Morgan Stanley CEO says it is 'extremely negative' if the government shutdown goes on further

  • "At a human level, you've got 800,000 families affected by this. This is not the way the U.S. should be working," Morgan Stanley CEO James Gorman says. "If it goes on through months of this year, it's going to have an extremely damaging effect" on the U.S. economy.
  • The shutdown is in its 34th day as the Trump administration and Democratic leadership remain in a stalemate over funding for a wall along the U.S.-Mexico border.
  • "I truly hope the leadership of both sides come to some way of resolving what seems to be a relatively straight-forward problem," Gorman says.

Morgan Stanley CEO James Gorman said Thursday he's worried about the U.S. government shutdown continuing.

"I personally feel it's extremely negative if this shutdown goes on much longer," Gorman told CNBC's "Squawk Box" at the World Economic Forum in Davos, Switzerland. "At a human level, you've got 800,000 families affected by this. This is not the way the U.S. should be working."

"If it goes on through months of this year, it's going to have an extremely damaging effect" on the U.S. economy, he said.

The shutdown is in its 34th day as the Trump administration and Democratic leadership remain in a stalemate over funding for a wall along the U.S.-Mexico border. Kevin Hassett, chairman of President Donald Trump's Council of Economic Advisers, said Wednesday the U.S. economy may not grow at all in the first quarter if the government stays closed.
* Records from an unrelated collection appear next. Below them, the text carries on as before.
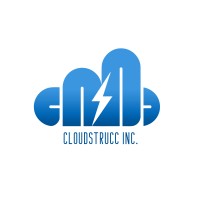 Cloudstrucc logo - Similar company to Alpha Libertée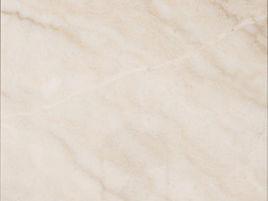 卡爾卡特 卡爾卡特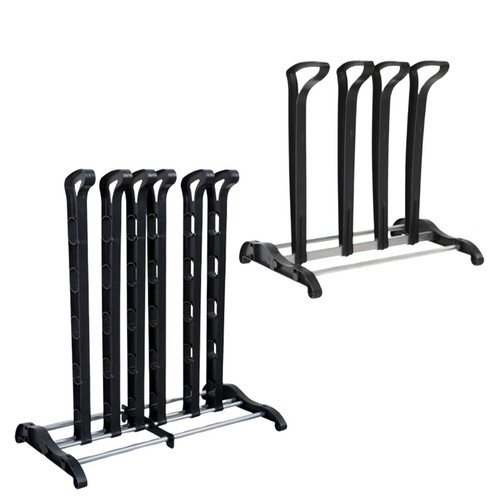 Support rangement bottes - support, de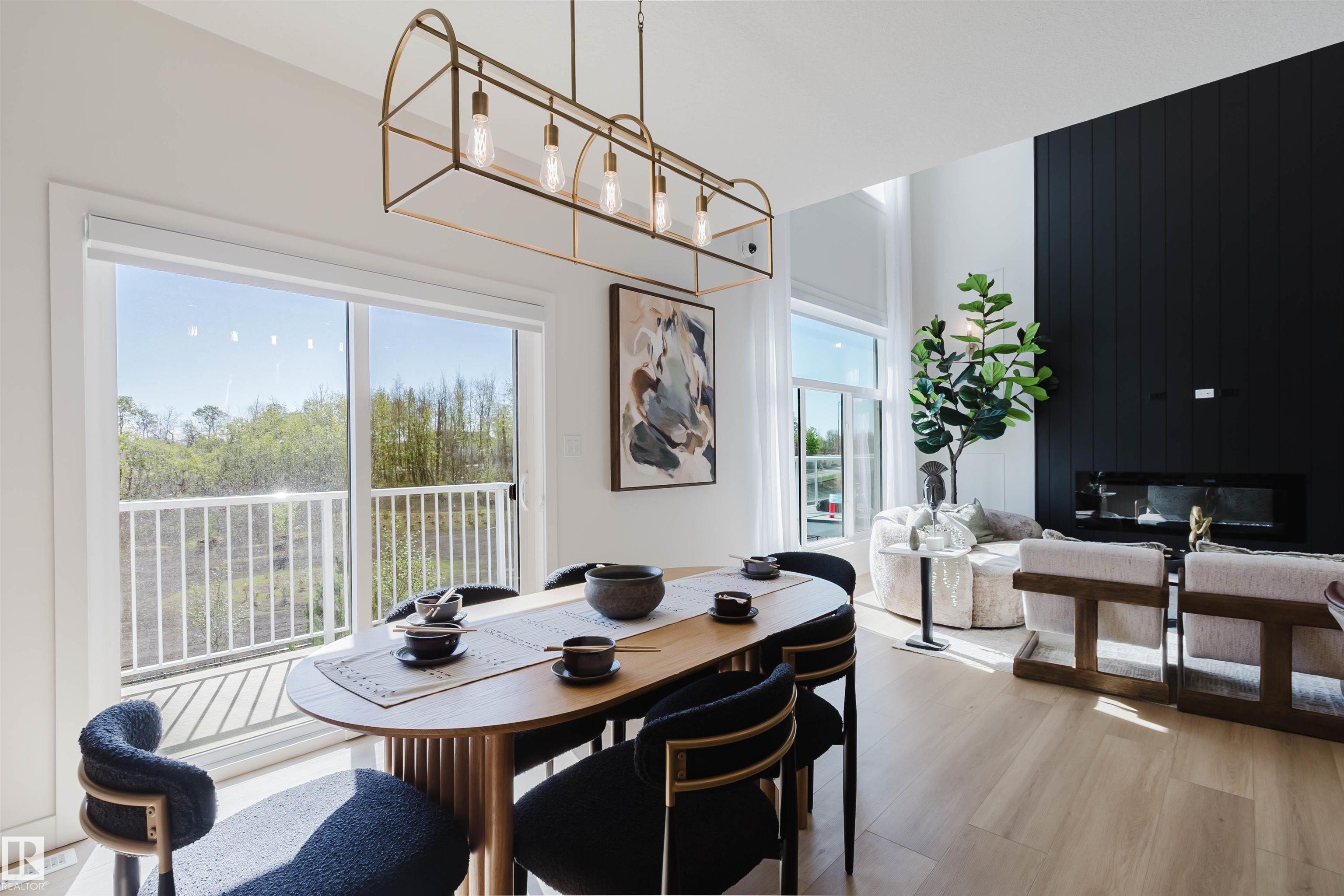 Photo 24 at 211 Edgemont green NW, Edgemont, Edmonton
"I truly hope the leadership of both sides come to some way of resolving what seems to be a relatively straight-forward problem," Gorman added. "I recognize we have a wall. It's 500 miles long. We've had it for a long time, and it's been sponsored by Democrats and Republicans for a long time. If there are some sensible additions to be made to the wall to improve border security, let's make them."

Gorman also said accommodations are needed for children affected by the Deferred Action for Childhood Arrivals program. It allows certain migrants who were brought to the U.S. illegally as children to receive permits to work in the country and avoid deportation.